Unified Data Management for Hybrid Analytics
Due to an ever-growing digitalization of the everyday life, massive amounts of data start to be accumulated, providing larger and large volumes of historical data (past data) on more and more monitored systems. At the same time, an up-to-date vision of the actual status of these systems is offered by the increasing number of sources of real-time data (present data). Today’s data analytics systems correlate these two types of data (past and present) to predict the future evolution of the systems to enable decision making. However, the relevance of such decisions is limited by the knowledge already accumulated in the past. Our vision consists in improving this decision process by enriching the knowledge acquired based on past data with what could be called future data generated by simulations of the system behavior under various hypothetical conditions that have not been met in the past.
Activity in 2019
Sub-goal 1: To support such analytics we advocate for unified data processing on converged, extreme-scale distributed environments. We are targeting a novel data processing architecture able to relevantly leverage and combine stream processing and batch processing in situ and in transit.
Sub-goal 2: Leveraging on the previous goal, we aim to provide a set of design principles and to identify relevant several software libraries and components based on which such an architecture can be implemented as a demonstrator.
Results: The first sub-goal lead to the design of the Sigma architecture for data processing, leveraging data-driven analytics and simulations-driven analytics. It combines batch-based and stream-based Big Data processing techniques (i.e., the Lambda architecture) with in situ/in transit data processing techniques inspired by the HPC. This allows to collect, manage and process extreme volumes of past, real-time and simulated data. The architecture relies on two layers: (1) the data-driven layer leverages the unified Lambda architecture to update the simulation model dynamically using the past and real-time data through a continuous learning loop; (2) the computation-driven layer uses in situ and in transit processing to proactively control in real-time the targeted systems. The concept of the Sigma architecture was published as a white paper at the BDEC2 workshop 2019.
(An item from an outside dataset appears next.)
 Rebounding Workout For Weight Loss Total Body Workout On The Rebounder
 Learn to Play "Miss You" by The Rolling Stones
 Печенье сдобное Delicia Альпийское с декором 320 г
The second sub-goal was achieved by investigating the potential candidate libraries able to provide a reference implementation of the Sigma architecture. Our approach consists in jointly leveraging two existing software components: the Damaris middleware for scalable in situ/in transit processing and the KerA unified system for ingestion and storage of data for scalable stream processing. Damaris has already been integrated with HPC storage systems (e.g., HDF5) to enable scalable collective writing of data generated by simulations running on tens of thousands of cores (e.g., at the end of each iteration). Such data can further be analyzed (typically through offline analysis). We developed for Damaris a new real-time storage backend based on KerA: leveraging Damaris dedicated cores and shared memory components, we are able to asynchronously write in real-time the data output of a simulation (that corresponds to multiple iterations) as a series of events, logically aggregated by a stream, with metadata describing the stream’s sub-partitions for each iteration. This is an important step towards a complete data processing and analytics workflow: by leveraging real-time streaming analytics (e.g., Apache Flink) efficiently coupled with KerA through shared memory, scientists can further apply machine learning techniques in real time, in parallel with the running simulation. This joint architecture is now at the core of a start-up creation within the KerData team: ZettaFlow, providing a new generic IoT data storage and analysis platform.
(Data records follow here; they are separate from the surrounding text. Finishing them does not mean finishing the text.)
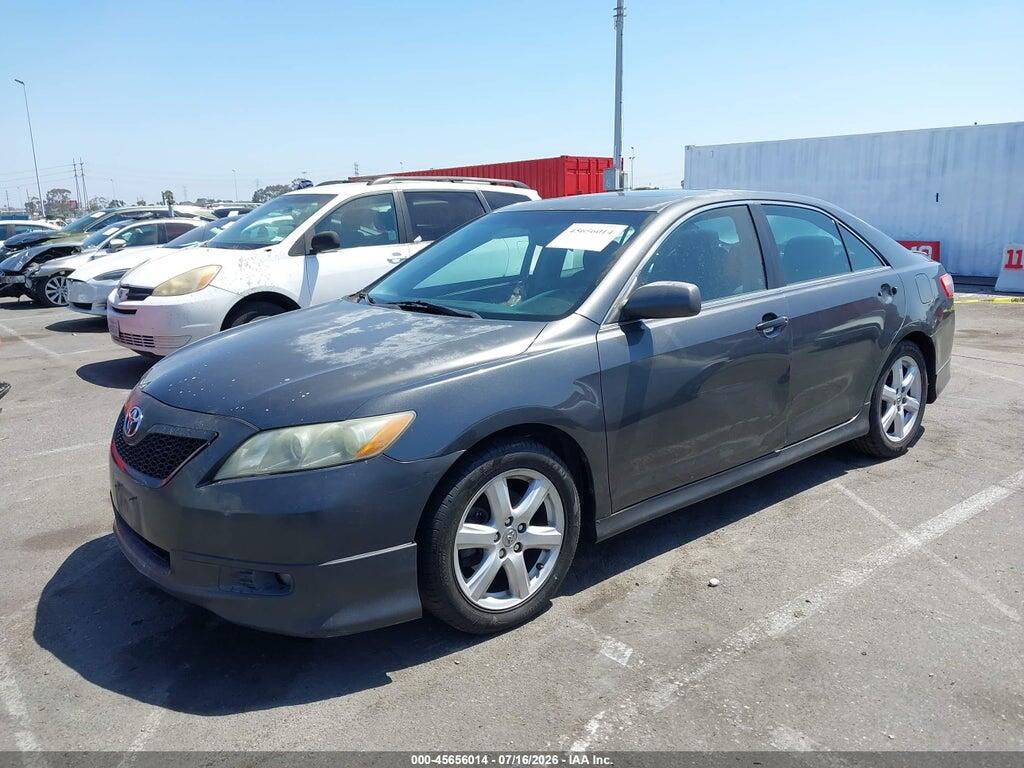 4T1BE46K99U338332 2009 TOYOTA CAMRY photo no. 2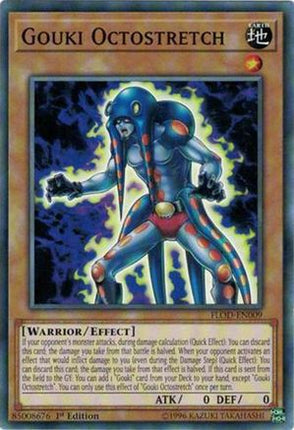 Gouki Octostretch (Common / Short Print) [FLOD-EN009] Unlimited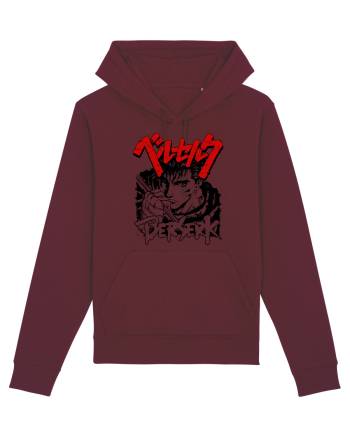 GUTS Berserk Burgundy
People: Ovidiu Marcu, Alexandru Costan, Gabriel Antoniu, Rolando Menchaca-Mendez
Analytical Models for Performance Evaluation of Stream Processing
In recent years we have witnessed an exponential growth on the number of devices connected to internet, from personal computers and smartphones to surveillance cameras, household appliances, autonomous vehicles, traffic lights and specially, many different kinds of sensors. All of these devices are constantly producing useful, but massive amounts of data, which are currently being processed by means of Big Data solutions in the Clouds. However, as the number of devices (and in consequence, the size of data produced) keeps growing, the current solutions might not be sufficient to handle such huge quantities of data, or might incur on prohibitive monetary or energetic costs, or in large response times that degrade the user experience or even cause dangerous situations (as in real-time applications that require to take critical decisions i.e. self-driving cars). Edge computing has been proposed as an alternative solution, which aims to process data near to where it is generated, and while it may seem to be the right alternative, it poses a series of challenges which need to be addressed. One of these challenges is to identify the situations and scenarios in which Edge processing is suitable to be applied.
Activity in 2019
Sub-goal: Determine which parts of the application should be executed on the Edge (if any) and which parts should remain on the Cloud.
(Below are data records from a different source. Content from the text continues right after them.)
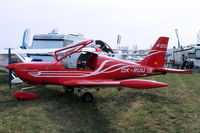OK-RUU 18 @ EDMT - Jihlavan Airplanes Skyleader 400 [Unknown] Tannheim~D 23/08/2013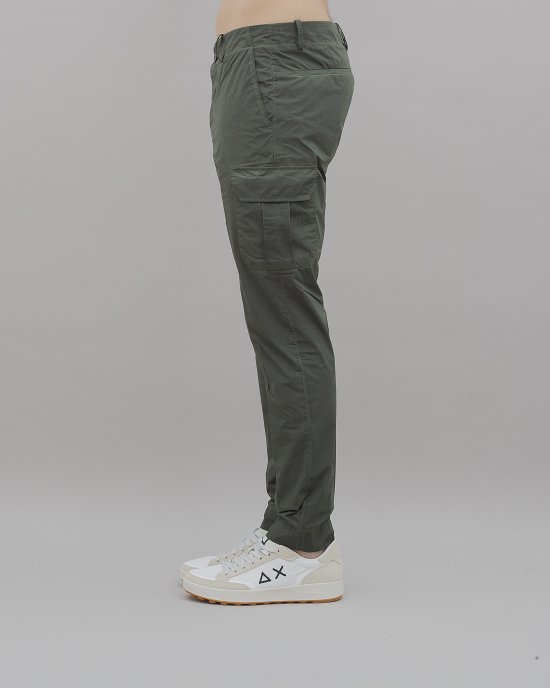 Pantalone 24335 Extralight Gdy Cargo Pant uomo RRD Verde militare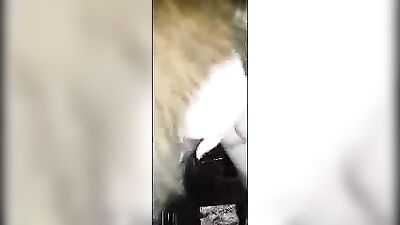 Lovely blond teen self sm 3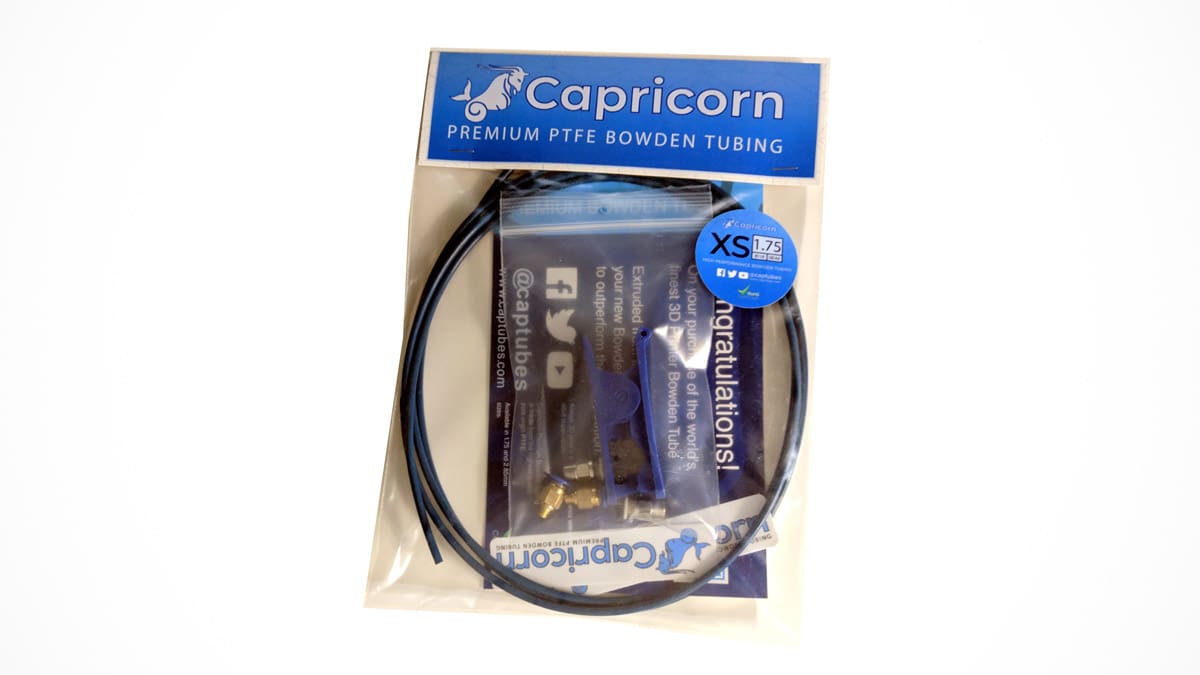 Bild von Die besten Creality Ender 3 (V2/Pro/Max/Neo) Upgrades : Capricorn Bowden PTFE Tubing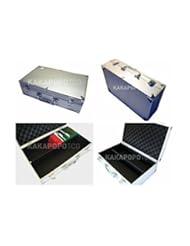 Toy: A1 Metal Frame Storage Carry Case for Trading Cards Ultra Pro Protector Sleeve Deck Box MTG Magic the Gathering YGO Yugioh Wow Pokemon Vanguard Card Games Board Cube TCG Match Attax Travel Bag Sport - KakapopoTCG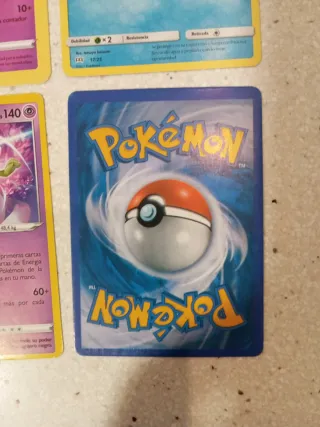 Colección de cartas Pokémon
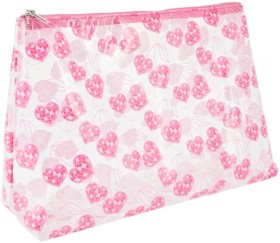 OXX+Cosmetics+Makeup+Bag+-+Pink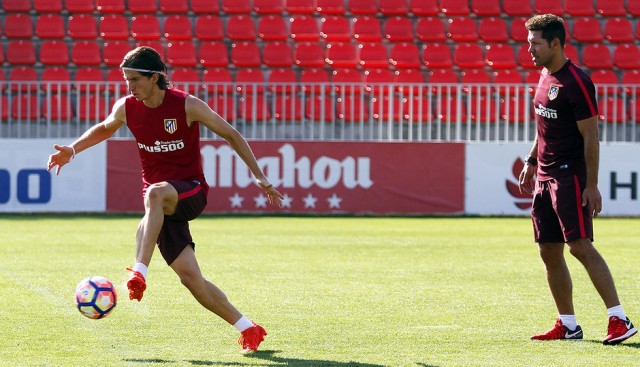 Los jugadores de la gira australiana del Atlético vuelven al entrenamiento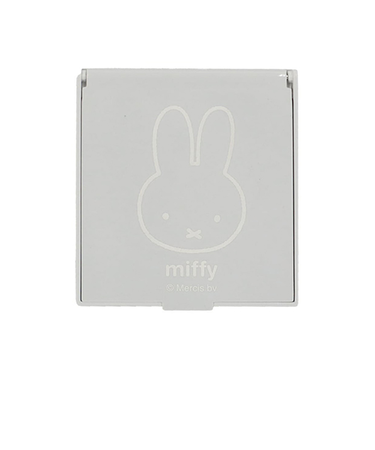 ビーエスエス（BSS）　ミッフィー　ミラー　Sサイズ　EB476GY　グレー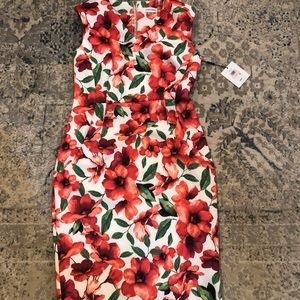 Floral Calvin Klein Dress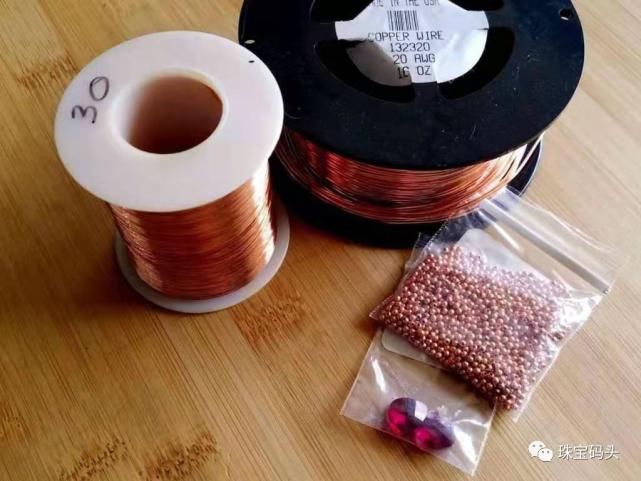 什么是绕线首饰？首饰绕线的教程与您分享……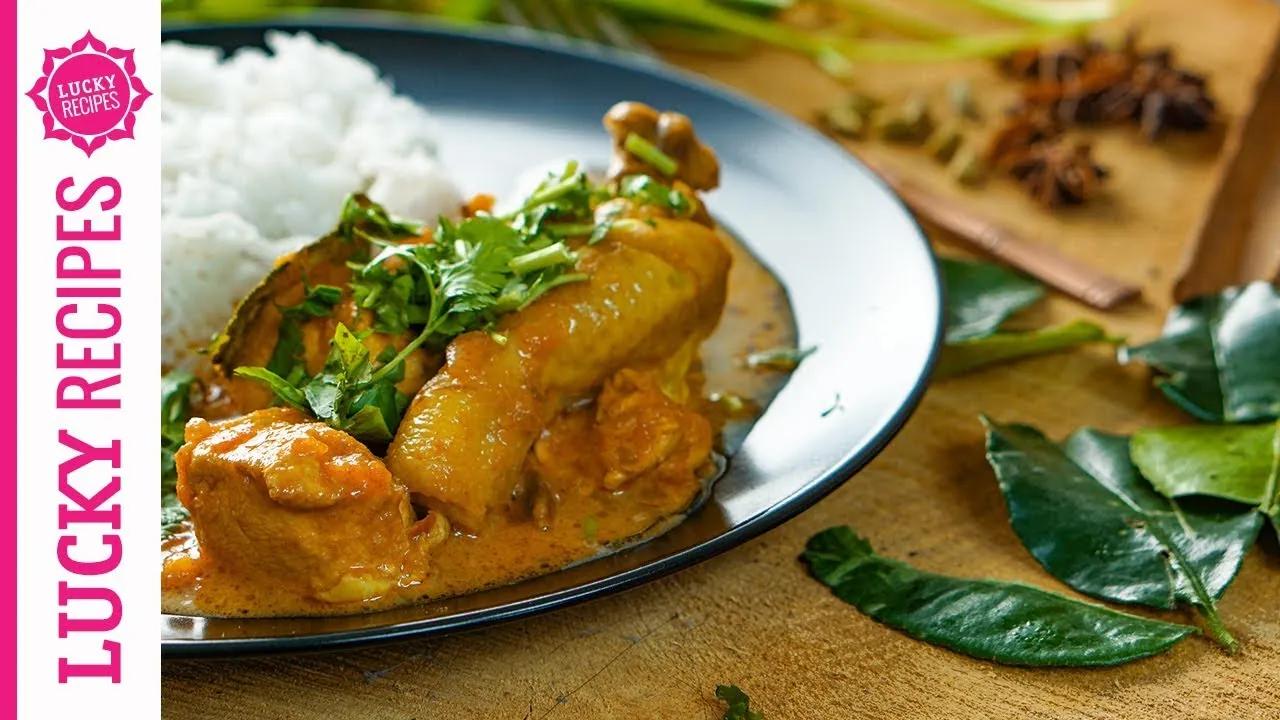 Hähnchen Curry - Indisch-Asiatisch mit Kokosmilch | Indische Rezepte ...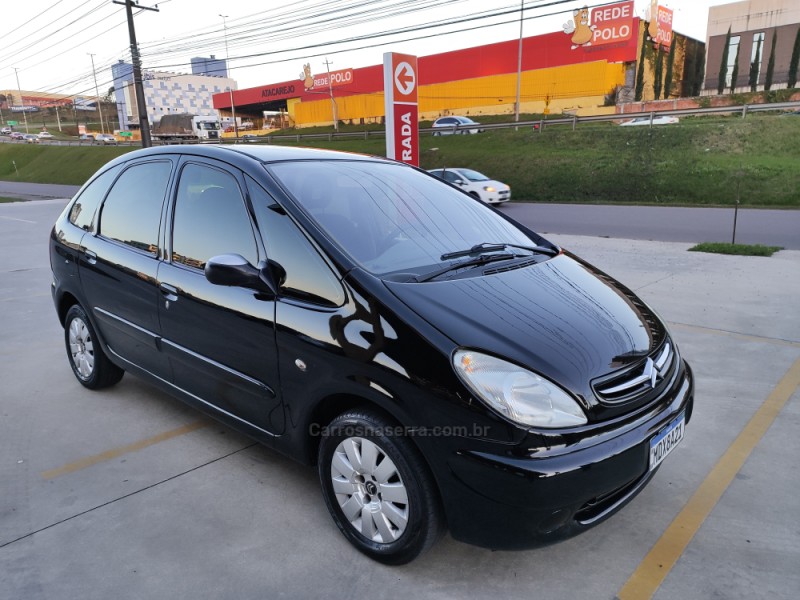 XSARA PICASSO 1.6 I GLX 16V FLEX 4P MANUAL - 2007 - FARROUPILHA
Results: To address this goal, José Canepa did a 3 month internship at Inria, under the supervision of Pedro Silva and Alexandru Costan. We have modelled the application using a graph consisting of tasks as nodes and data dependencies between them as edges. The problem comes down to deploying the application graph onto the network graph, that is, operators need to be put on machines, and finding the optimal cut in the graph between the Edge and Cloud resources (i.e., nodes in the network graph). We have designed an algorithm that finds the optimal execution plan, with a rich cost model that lets users to optimize whichever goal they might be interested in, such as monetary costs, energetic consumption or network traffic, to name a few. In order to validate the cost model and the effectiveness of the algorithm, a series of experiments were designed using two real-life stream processing applications: a closed-circuit television surveillance system, and an earthquake early warning system. Two network infrastructures were designed to run the applications: the first one being a state-of-art infrastructure where all processing is done on the Cloud to serve as benchmark; and the second one being an infrastructure produced by the algorithm. Both scenarios were executed on the Grid’5000. Several experiments are currently underway, the results will be published in a journal paper (current target: a Special Issue of Future Generation of Computer Systems). The trade-offs of executing Cloud/Edge workloads with this model were published at the IEEE Big Data 2019 conference.
People: José Canepa, Pedro Silva, Alexandru Costan, Rolando Menchaca, Ricardo Menchaca
Benchmarking Edge/Cloud Processing Frameworks
With the spectacular growth of the Internet of Things, Edge processing emerged as a relevant means to offload data processing and analytics from centralized Clouds to the devices that serve as data sources (often provided with some processing capabilities). While a large plethora of frameworks for Edge processing were recently proposed, the distributed systems community has no clear means today to discriminate between them. Some preliminary surveys exist, focusing on a feature-based comparison. We claim that a step further is needed, to enable a performance-based comparison. To this purpose, the definition of a benchmark is a necessity.
Activity in 2019
Sub-goal: Design a preliminary methodology for comparing Edge processing frameworks through benchmarking.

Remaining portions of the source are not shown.